Keynotes and a surprising demo

  • Speakers included a U.S. Navy vice admiral, the lead for the Maven battlefield AI project, and executives from big corporate customers, a sign of how Palantir spans defense and commercial clients.
  • A standout demo came from Mixology Clothing, a family-run fashion business with about 450 employees. CEO Jordan Edwards said he discovered Palantir through social media and now uses the system to drive buying decisions and automated negotiations. For one product line, he claimed a 17-point margin swing, from losing $9 per unit to gaining $9 per unit. He now calls himself a "forward deployed CEO."

Defense is still the company’s core

Despite booming commercial revenues, Palantir’s identity remains rooted in defense contracting. The company once fought to be considered for Army contracts and learned to focus on measurable outcomes. Executives argue that that discipline helped them succeed commercially.

Sankar’s recent book includes a chapter titled "The Factory Is the Weapon," and both Sankar and CEO Alex Karp have criticized the tech world for what they see as insufficient attention to national defense. At the conference Karp said that with an active battlefield in the Middle East, Palantir’s priority is supporting troops. He framed the company’s role bluntly, saying Palantir was built to give warfighters "an unfair advantage." He added that the company takes pride in helping American forces return home safely, even if that means people on the other side do not.

Controversy and context

Karp’s remarks came not long after a missile struck a girls’ school in Iran, killing civilians. The incident is under investigation. Palantir declined to comment on whether its tools were involved. The CEO told the audience that employees can hold various political views but must support warfighters in combat. His comments received applause.

Palantir’s tone contrasts with companies that have pushed for limits on battlefield use of AI. The company’s leadership has little patience for arguments that would restrict military applications. Sankar went so far as to criticize some AI leaders personally, saying inventors are often the last to understand their creations and arguing that some tech executives pursue grand, moral narratives that he finds hollow.

A deliberate identity

Palantir’s pitch is simple: use AI to win, and let customers who share that aim work with them. Sankar said there is "gravity" to the defense mission, and that moral urgency forced the company to make software that actually works. Mabrey added that Palantir’s reputation filters customers, producing fewer partnerships but deeper ones. "We do not come in and tell them what to do, and they do not tell us what to do," he said.
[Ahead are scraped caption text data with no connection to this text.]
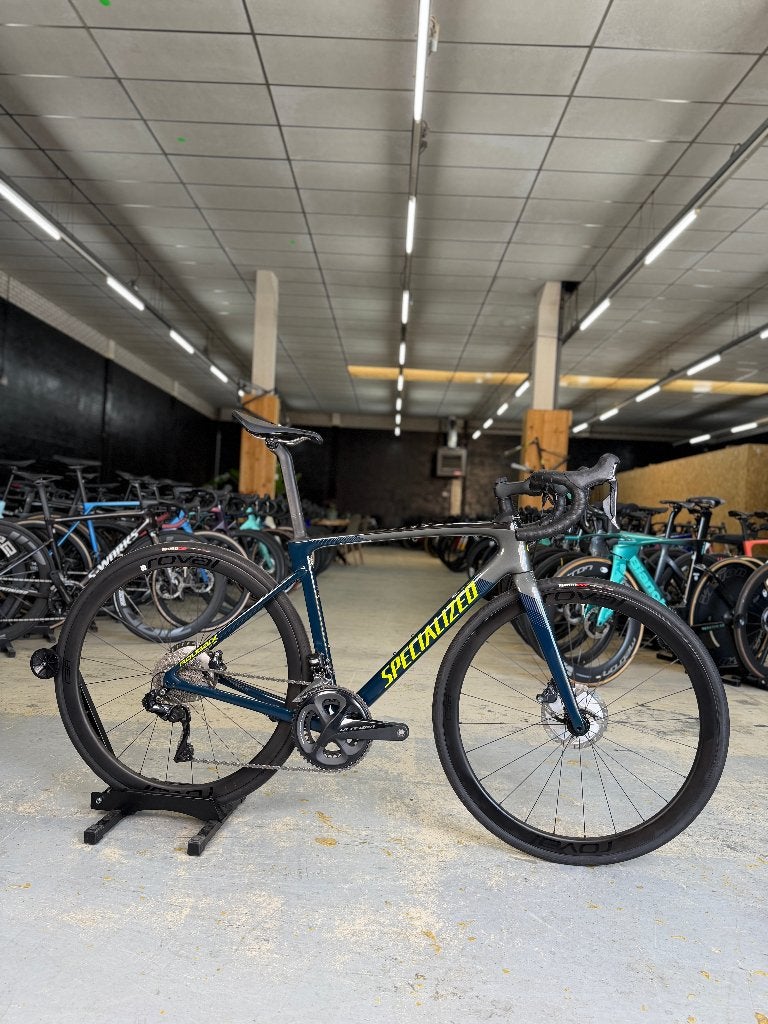 Specialized Roubaix Expert Di2 Carbon Racefiets, Ophalen, Zo goed als nieuw, Overige typen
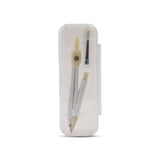 Stationary Compass Box - Fawn, Stationery Supplies, Chase Value, Chase Value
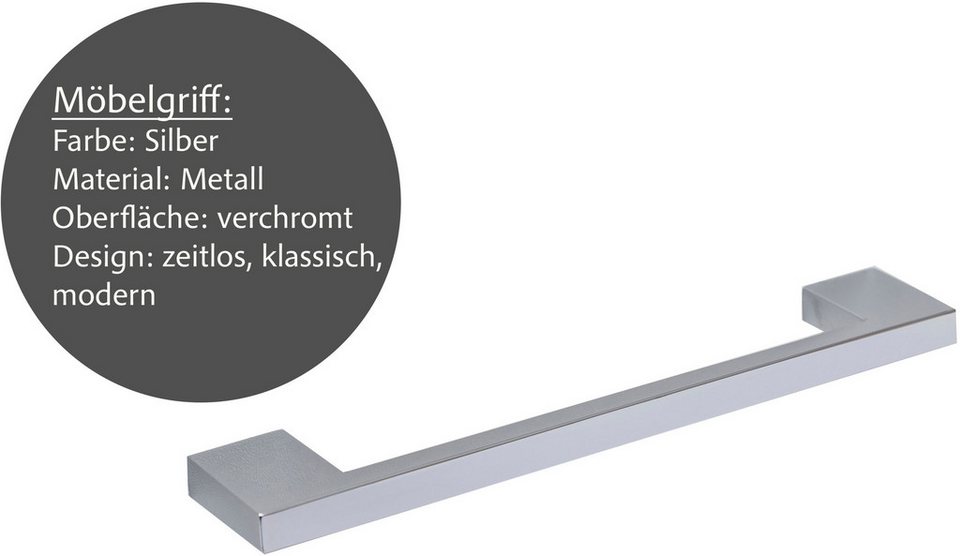 KOCHSTATION Winkelküche KS-Milan, optional mit Muldenlüfter, Stellbr.270/220 cm, wahlweise mit E-Geräten, Kochfeld mit Dunstabzug – Image 6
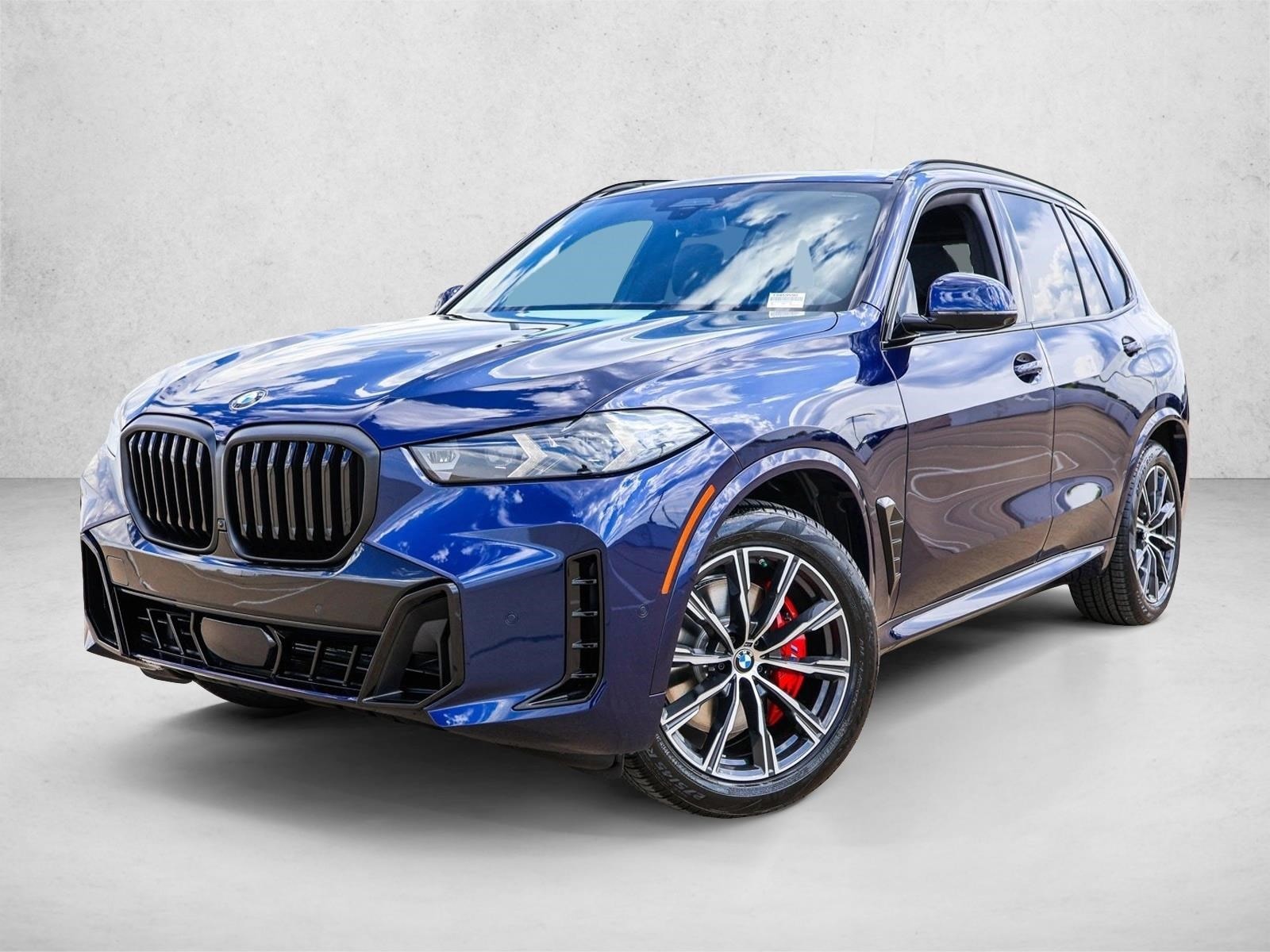 2026 BMW X5 xDrive40i's photo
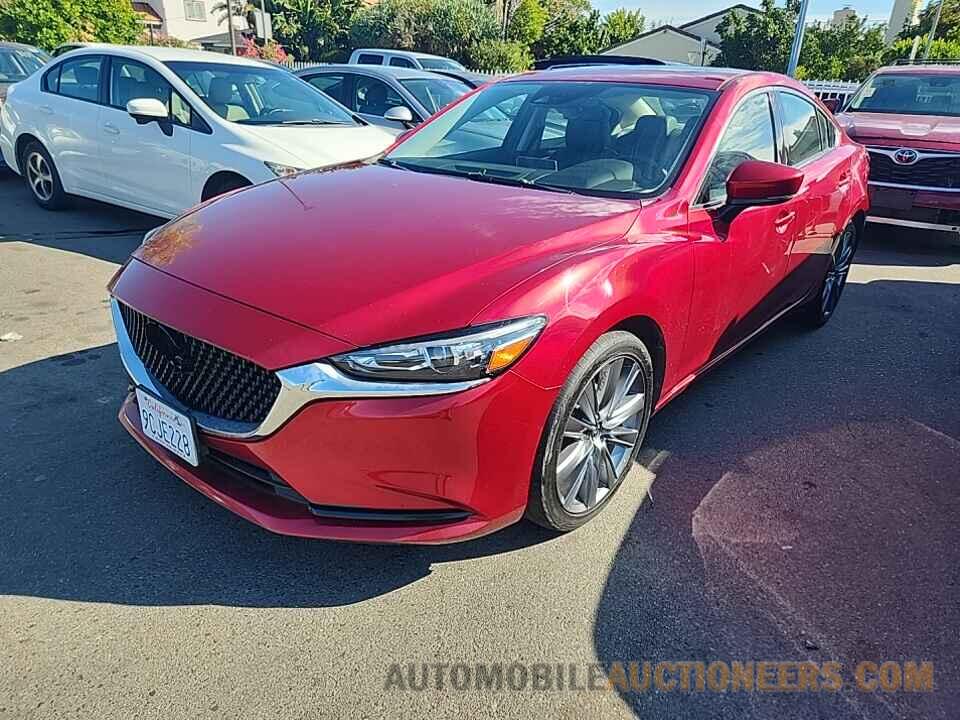 JM1GL1VMXJ1316430 Mazda Mazda6 2018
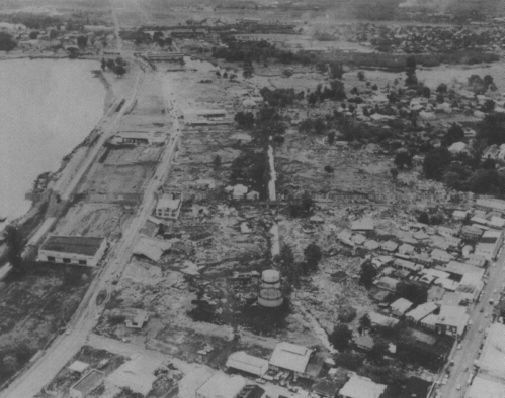 1960 Chilean Tsunami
The company has also weathered ethical questions about some government customers. Asked why Palantir continued working with certain agencies after controversial operations, Sankar characterized specific incidents as tragic but said democratic systems provide mechanisms for accountability and that companies must decide whether they believe in those systems.

Outside the echo chamber

When the conference ended and the snow kept falling, it was clear the event existed in its own bubble. Outside that bubble, a vigorous debate continues about how AI should be used and what limits, if any, should exist on battlefield applications. Palantir has chosen to step out of that debate and concentrate on tools to help warfighters gain an edge. For Palantir, the companies arguing for stricter limits are not the ones they aim to serve.

That choice has been profitable and energizing for the company, and the conference made clear that Palantir’s leadership sees no reason to change course.